“When a foreigner resides among you in your land, do not mistreat them. The foreigner residing among you must be treated as your native-born. Love them as yourself, for you were foreigners in Egypt. I am the Lord your God.” (Leviticus 19:34)
YESTERDAY IN Sydney armed man Haron Monis, carrying an Islamic flag, took hostages in a Sydney café in a siege that captured the attention of the world. Less than a day later, it was over, and Monis, along with two members of the public, lay dead. There will be some who, I suspect, over and above mourning the loss of innocent life, use this event to reinforce their view that religion is uniquely dangerous. My heart sank as the story broke, both because of the horror faced by the poor victims, but also because of the inevitable backlash against Muslims in general that we may be about to see. This has nothing to do with what I think of Islam. I am hardly an advocate. But it has everything to do with the excuses we sometimes make to overlook the ways in which we fail to love others.
It pays to take note of the fact that back in 2008, six years ago, there was a call for Monis to be investigated. That call came from The Shia Muslim community.
While this fearful scene was unfolding, another was about to begin in Philadelphia. As I write this, 35-year-old Bradley Stone has shot and killed six people and wounded another. Stone’s religion is, as far as I know, unknown, and more to the point it has not been identified as a factor of any relevance. I didn’t go looking for this story, it was right there on the front page of leading news websites. A few days ago in my home city of Wellington there was a violent axe attack in which a woman was killed and two other people injured. Although what happened to those poor people in Sydney just hours ago is simply awful and must never be downplayed, in 2013 there were 430 homicide victims and 158 attempted murder victims in Australia. In how many of those cases was religion a factor at all, let alone a motivating force? In truth I have no idea, but my guess is that you and I both believe the number is close to zero if it isn’t zero. Let’s keep things in perspective.
The narrative that this thing called “religion” is uniquely dangerous is useful to some people, ironically, because it helps to advance their own hate. The belief reaches the heights of idiocy when people say things like “for good people to do evil things, that takes religion.” Well, or tragedy that sends them over the edge. Or political ideology and brainwashing. Or mental unwellness (as was probably the case here and is the case in Philadelphia). Or pent-up frustration with authorities. Or a whole lot of possible things.
As I’ve said before and will doubtless say again – there is no one thing called “religion.” “Religion” is not one unified worldview any more than “unbelief” is a unified worldview. The differences between some religions is as great as the difference between Christianity and atheism. The differences between different varieties of the same religion can be striking enough. My intention is not to engage in “bashing,” but as I noted back in April 2012, nearly all terrorism deaths associated with religion are inflicted by Sunni Muslims. Yes, some were inflicted by Christian extremists, but comparatively very few indeed. More than six times that many are carried out by people in the name of secular political causes. Referring indiscriminately to the harm wreaked by this thing called “religion” then is simplistic and often self-defeating in context. Should we cast aspersion on secular politics since people die because of it?

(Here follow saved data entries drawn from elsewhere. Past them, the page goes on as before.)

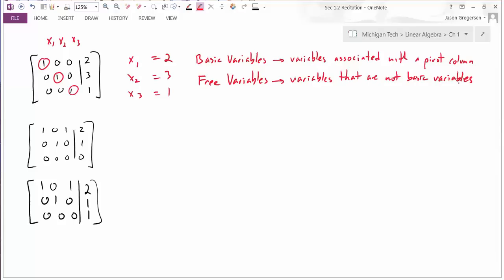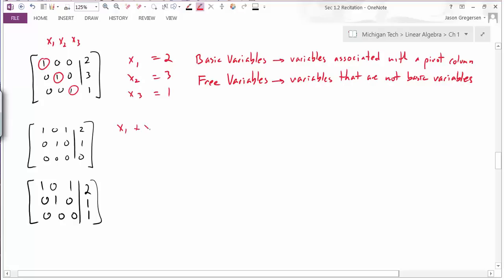Pivot columns are important because the pivot position is the leading entry of that row. When writing out the equations, that's the first variable written, so I can always solve for a basic variable. Looking at the second example, the first equation is x1 plus x3 equals 2, the second equation is x2 equals 1, and the third equation is 0 equals 0—no information. There are pivot positions associated with x1 and x2, but no pivot column for x3, so x3 is a free variable.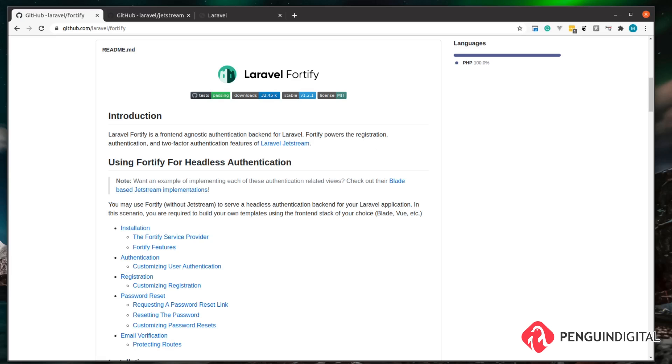So in this series I'm going to show you how to interact with Laravel Fortify to log in and register users within a Laravel application. Now I'm going to be using Bootstrap for this, but you can use any front-end framework that you want that you feel more comfortable with.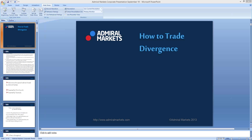A very good evening, everyone. Welcome to Admore Markets. We're going to take a look at this webinar, How to Trade Divergence. I think that's going to be a great topic, and I'm glad that you can join.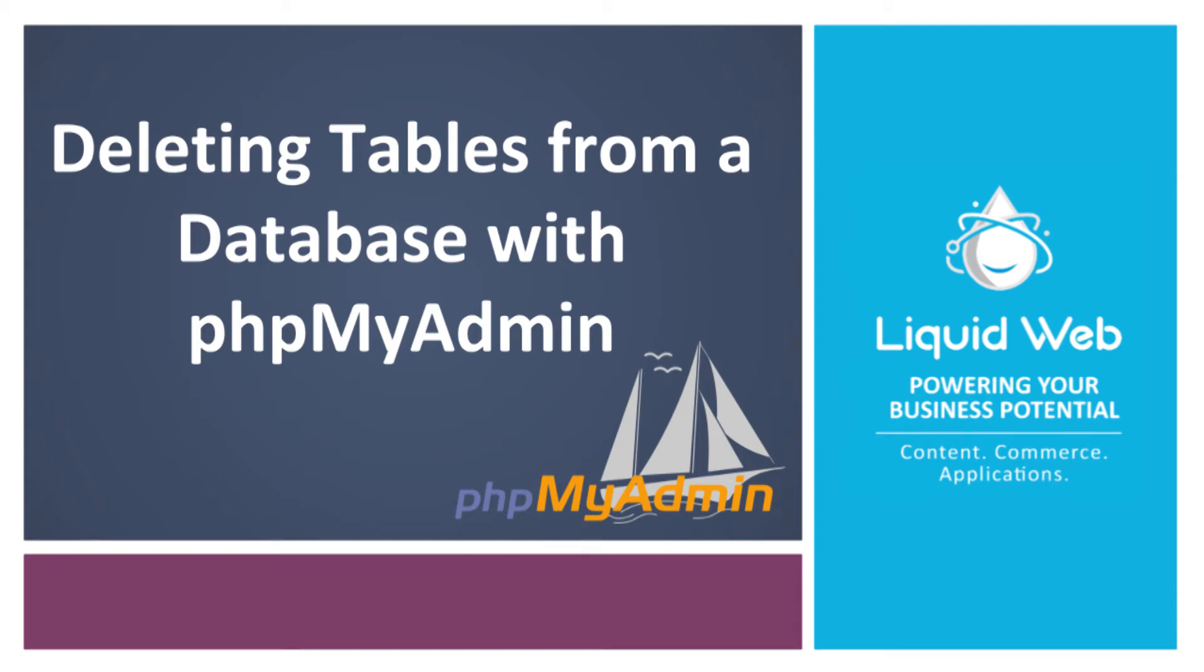Hello! This is Alex Gorzin from Liquid Web with our video on deleting tables from a database with phpMyAdmin. Removing content from a database is very easy and, honestly, is a little too easy to remove something.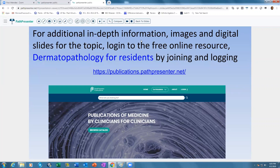For additional in-depth information, more clinical images, and digital slides, visit publications.pathpresenter.net. There is a free resource — Dermatopathology for Residents — written by around 65 well-known authors, covering all the differential diagnoses. The next lecture will cover the subepidermal split as lecture number 6.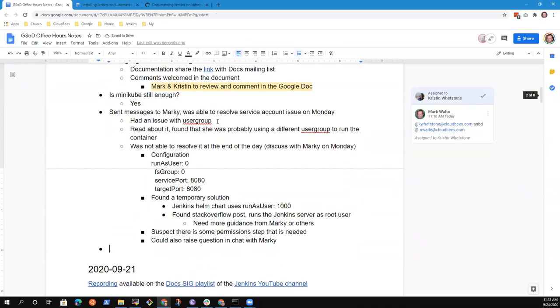I think that covered the topics that were on the list. Anything else? No, thank you. Thanks Kristen. Thanks very much. I'll post a copy of the recording. Thanks, y'all. Bye. Bye. Bye.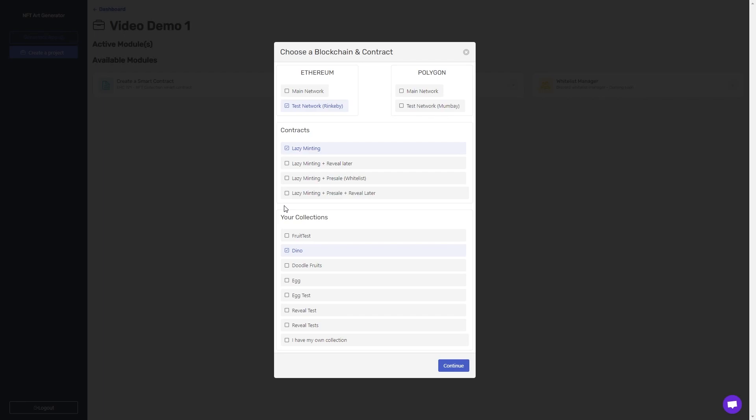The first contract is simple, with just lazy minting. The images are saved to IPFS, and upon deploying, you get access to the features of an embedded minting button, opening and closing the sale, and also changing the price of the NFTs.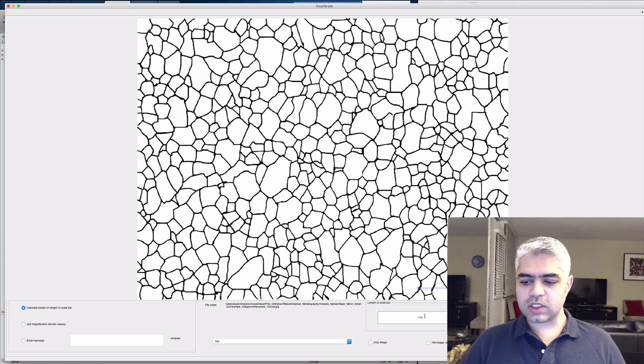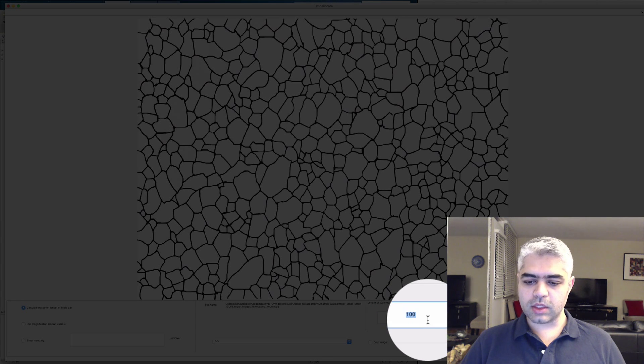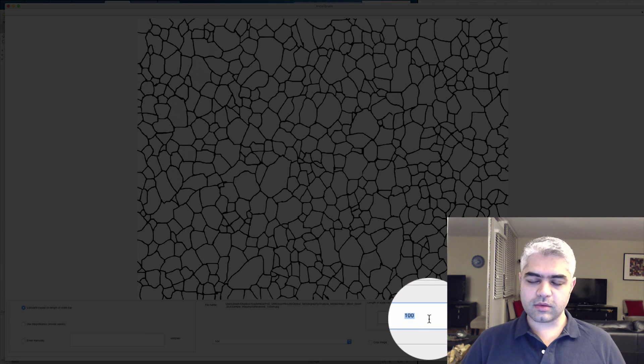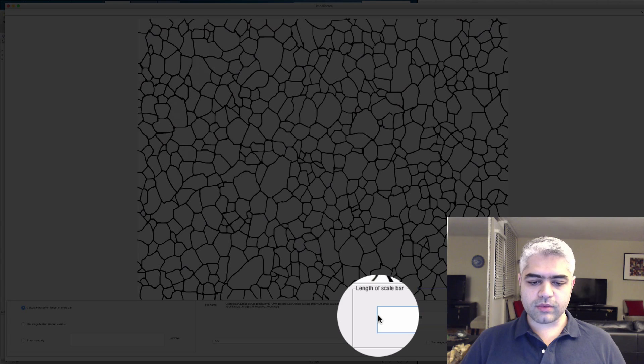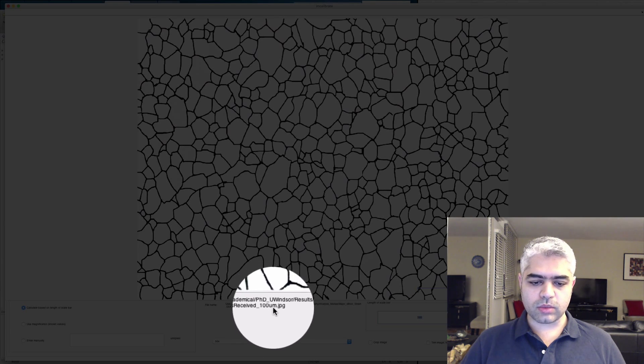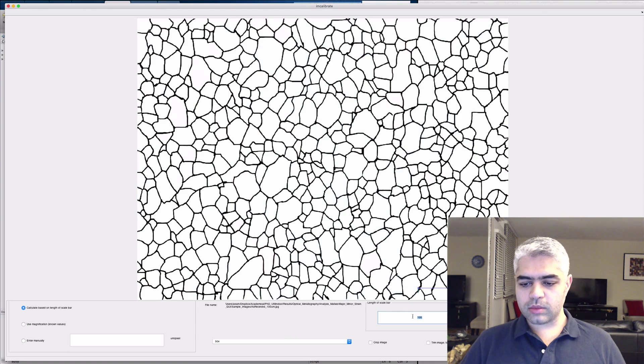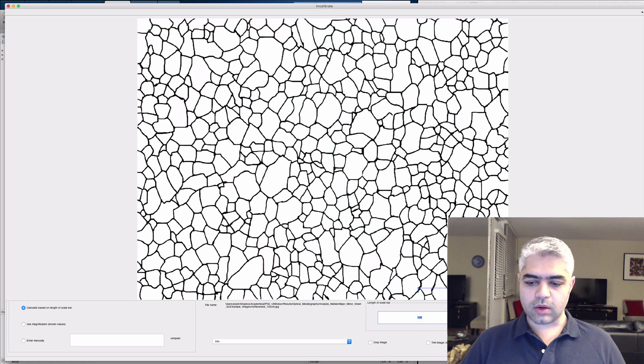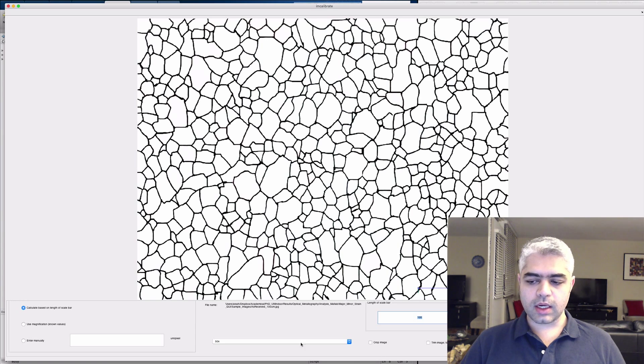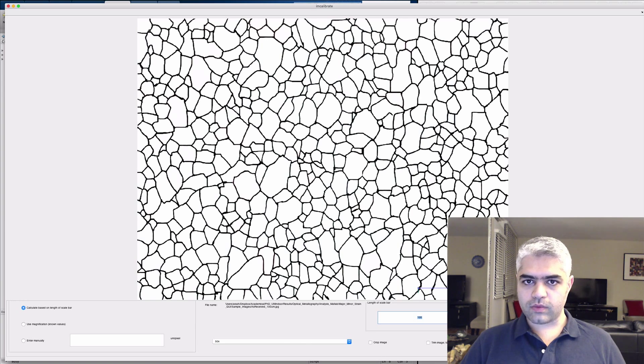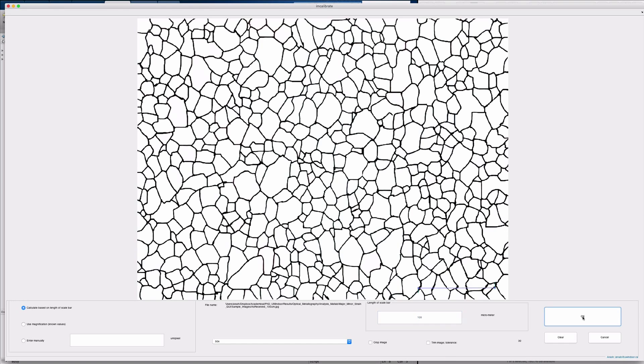Then you need to change this value—this is the micrometer length of the scale bar. Just by the name of the file, I know that the length of the scale bar is going to be 100 micrometers, so I'm going to have 100 micrometers here. Then just click OK. You don't need to change crop image or trim image—they're not going to work for this code.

You might be one of those who takes the tough, “honest” approach: “Look Glenn, I’m sure you mean well, but let’s face reality. As geniuses like Sam Harris and Bill Maher say, it’s a dangerous religion. Don’t try to be so politically correct about it.” As much as I respect the idea of facing the unpopular truth, you’d be missing the point if you go down that path with this. Globally, that may even be true, and it is certainly more true in some places than in others. But get your head into the “right now.” Right now there are Muslim people in Australia who – whether you think it’s consistent with your understanding of Islam or not – genuinely want peace and freedom. Right now many of these people are having to look over their shoulder, are at greater risk than you, are in fear and are under constant scrutiny and suspicion. Giving them Harris’s pearls of wisdom about how dangerous their religion really is will probably not do anybody any good.
Cool heads, people. Just as a pretty cold week last week doesn’t prove or disprove anything about climate change, actions like these do not offer any meaningful insight on “religion.” For what it’s worth, why not throw your name being the #Illridewithyou campaign on Twitter and Facebook? While we’re letting each other know that not all Muslims are the same, let’s make sure they know that we’re not all the same. That some around us may be showing less love to Muslims is reason for us to show more.